I visited Rogers.com to check out my monthly wireless bill, but I took a bit to find the link. The ‘visited’ style, you see, was faded out. I’m not sure what frame of mind I was in, but for some reason I was taking them at face value, and considered the faded links to be unimportant. When I came out of my tired daze and scanned the list item by item, I found the link I was looking at before.

Links, then come in two varieties.

When you have a table of contents before (and/or at the beginning of each chapter of) a large page of text, or if you’ve got a series of items; for example, in a gallery, the links are items you’re ticking off, one by one. These links say, “You’ve already been here.”
The links at Rogers.com grey out when you click on them, as if to tell me that I’ve seen them, and they’re now unimportant. A user’s eyes easily skip over the grey text, so that they can more quickly scan through the list to find things they haven’t seen, yet.
These links might be called ‘search’ links, because you’re looking for different things, and rarely want to see the same link twice.

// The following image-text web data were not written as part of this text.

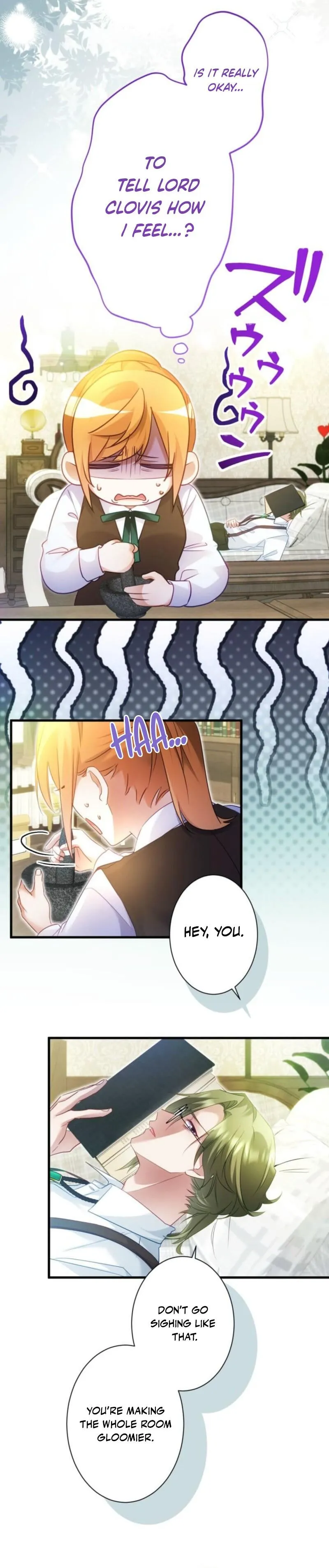My Lady is aYoung Master Chapter 40 page 21 - 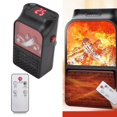 thumbnail image 4 of Mini Heater 1000W PTC Ceramic Fast Heating Portable Fireplace Heater with Fireproof Casing, 4 of 7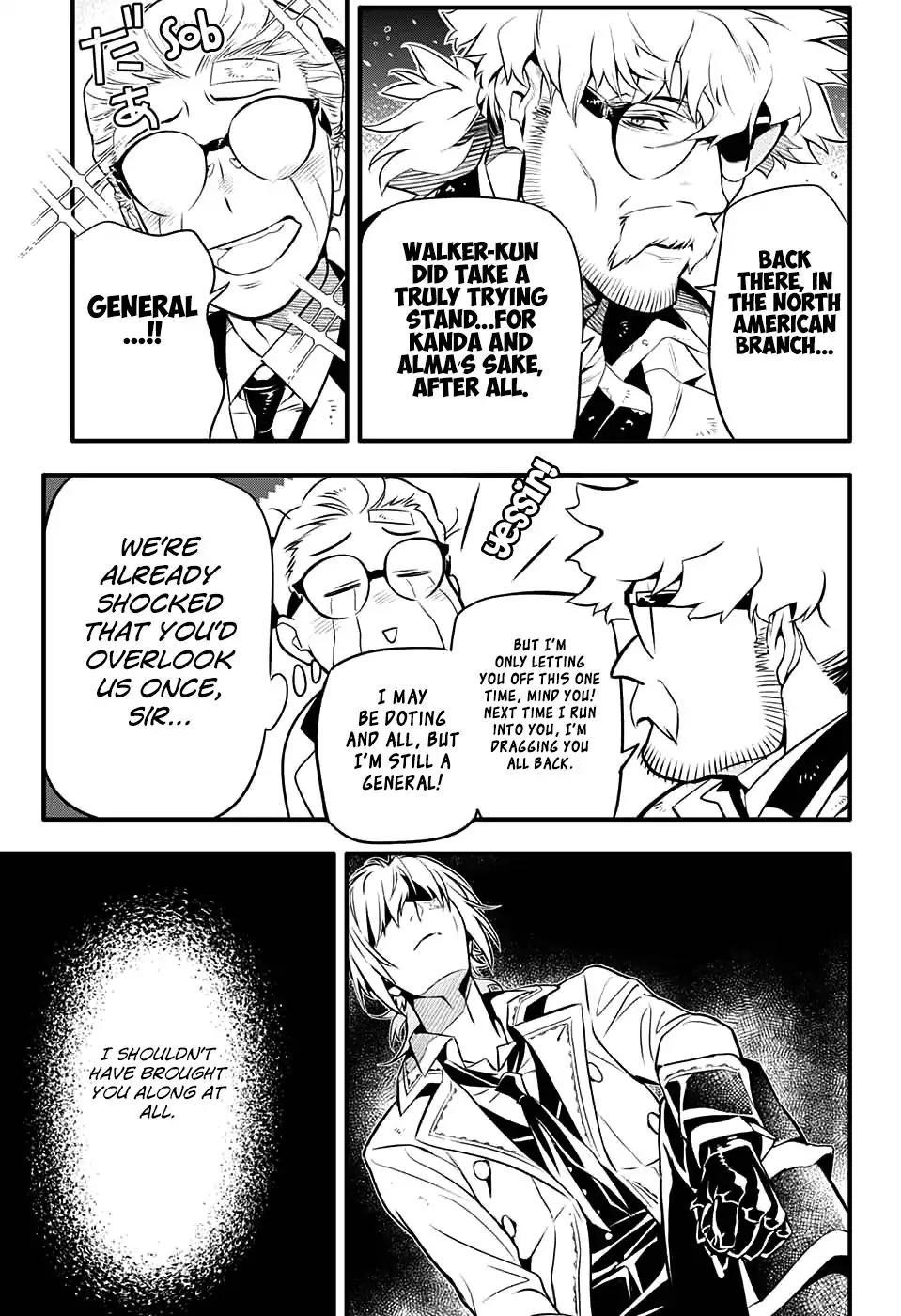 D.gray-Man Chapter 229 - Page 16 in English
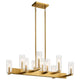 Kichler - Cleara Linear Suspension - Lights Canada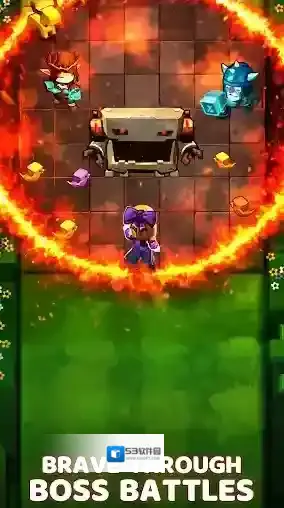 泰坦破坏者手游截图2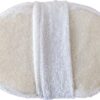 Ramie Bath Scrub With Sponge- JMJ1014 - Image 2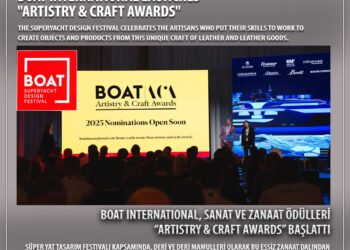 BOAT International учреждает премию «Artistry & Craft Awards»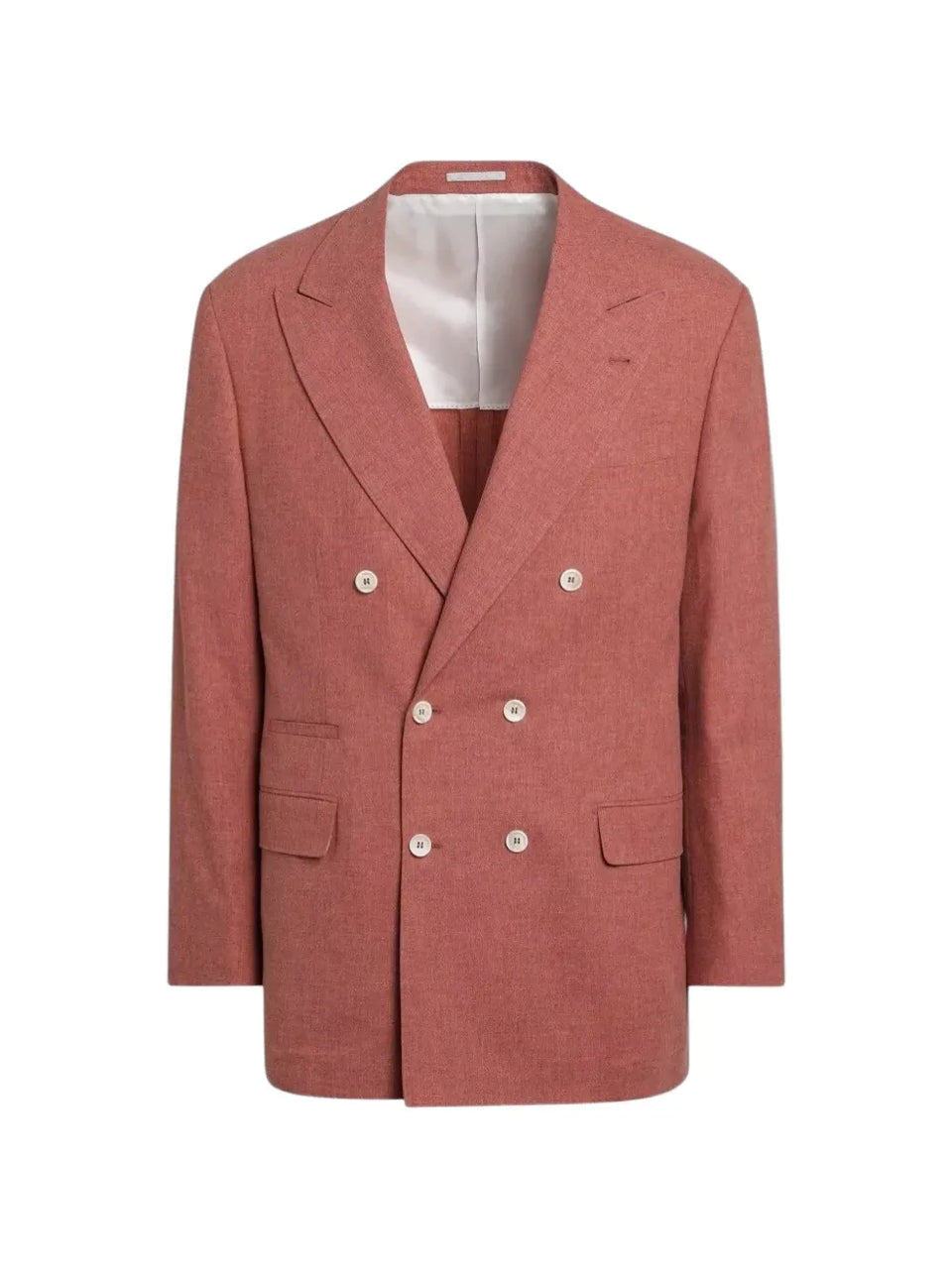 double-breasted suit-type jacket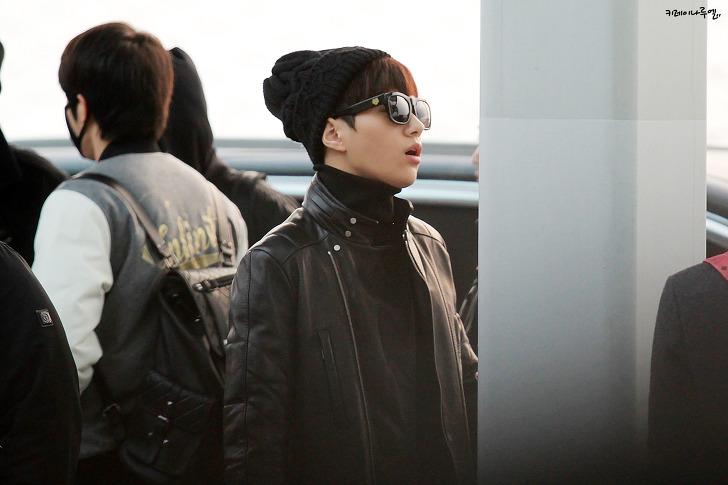 MyungSooBIASED's tweet photo. {HQ PICS} 150130 ICN Incheon Airport ✈️ - Myungsoo #L #infinite #인피니트 #엘 #명수 #lkim (©kireinaru_L) http://t.co/0rNI8NsyLU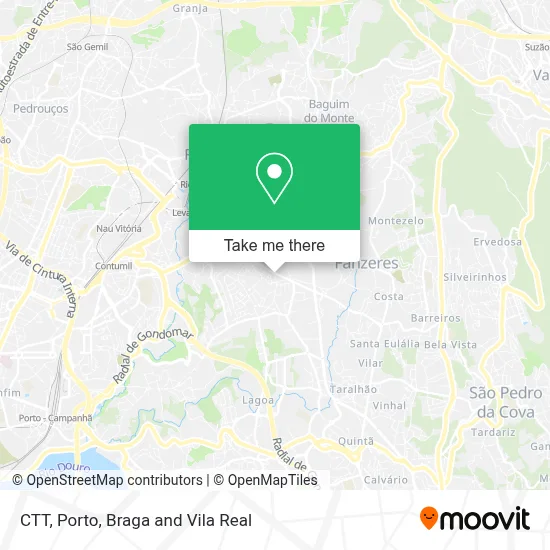 CTT map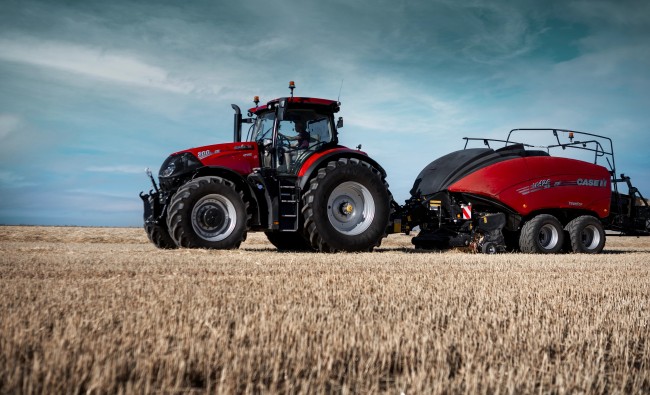 Traktorius Case IH Optum CVXDrive AFS Connect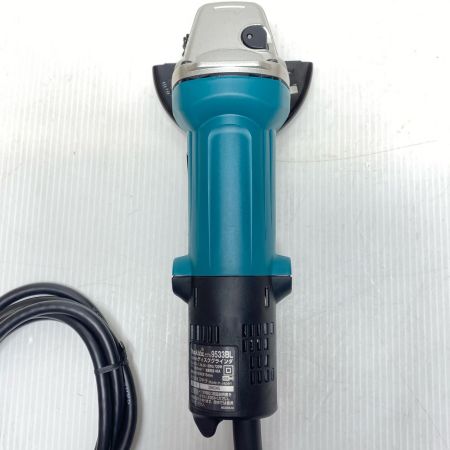  MAKITA マキタ ディスクグラインダー 未使用品(S) 付属品完備 コード式 100mm 394345 9533BL ブルー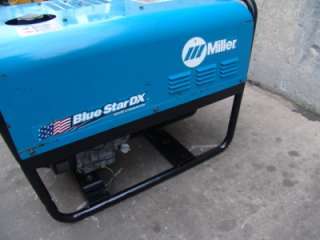 MILLER BLUE STAR 145 GENERATOR WELDER FINE WORKING CONDITION ONLY 158 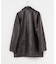 new basic　LAMB LEATHER CAR COAT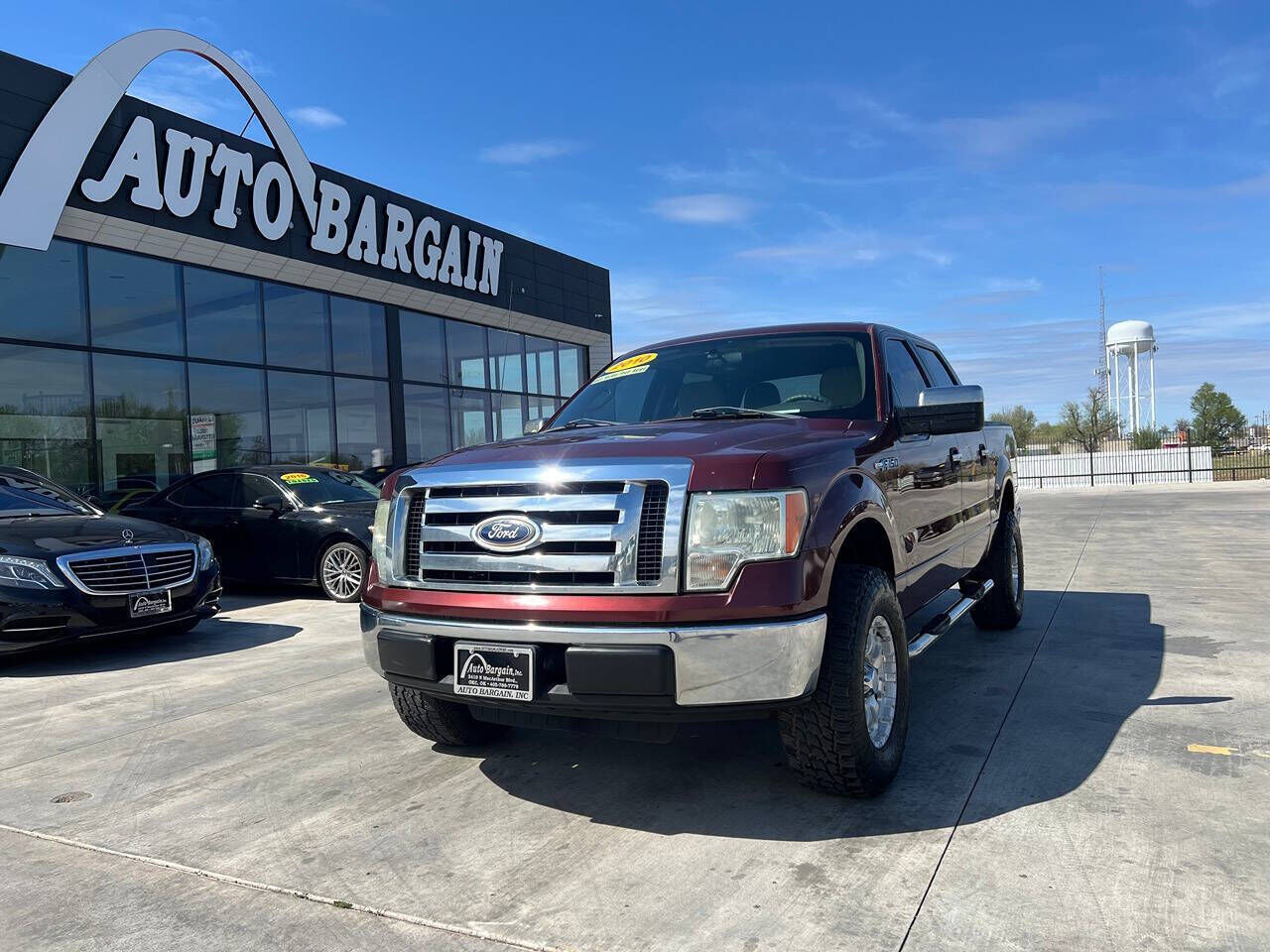 2010 FORD F-150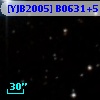[YJB2005] B0631+519 B2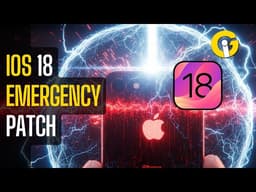 Apple Rolled Out A Rare Security Patch For iOS 18 Users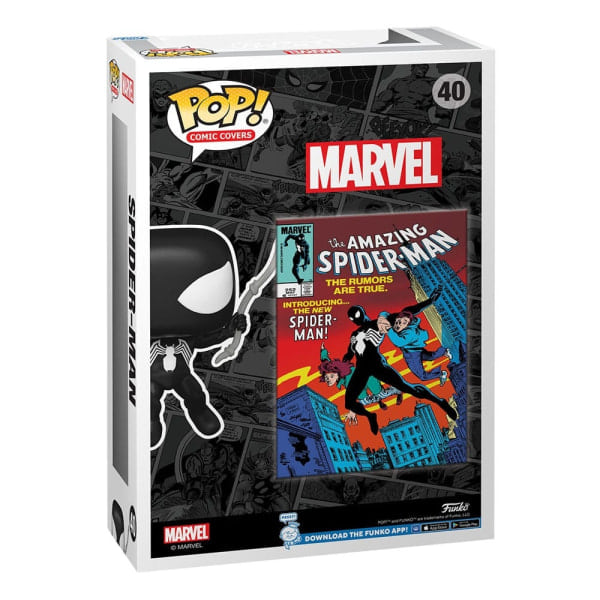 Marvel POP! Serieomslag Vinylfigur Amazing Spider-Man #252 9 cm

When you have a link to an application, on the other hand, or perhaps to a real-time info page, the links take you somewhere you’ll return to again and again. The links say, “Welcome back!”
These links are important, because you’re skipping past all the regular links to find them. Because of that, these ones need to stand out from the others. They don’t need to be more emphasized than the other links, but they do need to be different enough to be seen easily by the user as they scan. A different colour of the same luminosity could work.
These might be called ‘recurring’ links, because you go back to them time and again, and need to easily find it later.

I wonder if there are other types of links?

Tags: ,

2 Responses to “Visited Links”

  1. Mark Dykeman says:

    On a semi-related note, my WordPress theme used to change font color for links. After a few months of that, I decided to modify the theme to format them with underlines. It just seemed more logical: make everything underlined a hyperlink.

    I don’t think there’s really any possibilities other than the two you mentioned. But how about buttons that follow a hyperlink and take you to a different Web page?

  2. I’ve also seen some that use a dotted border-bottom, for other links.

    I’ve seen certain strategies for external links, including the use of padding-right and a background-image. I’ve also seen talks about rel=”external” or such, but I’m not sure if there were any plans to implement it.

    I’m just wondering whether rel=”search” or class=”search” would be better. It seems fairly important, to me, but I’m not sure if anyone else has ever noticed it.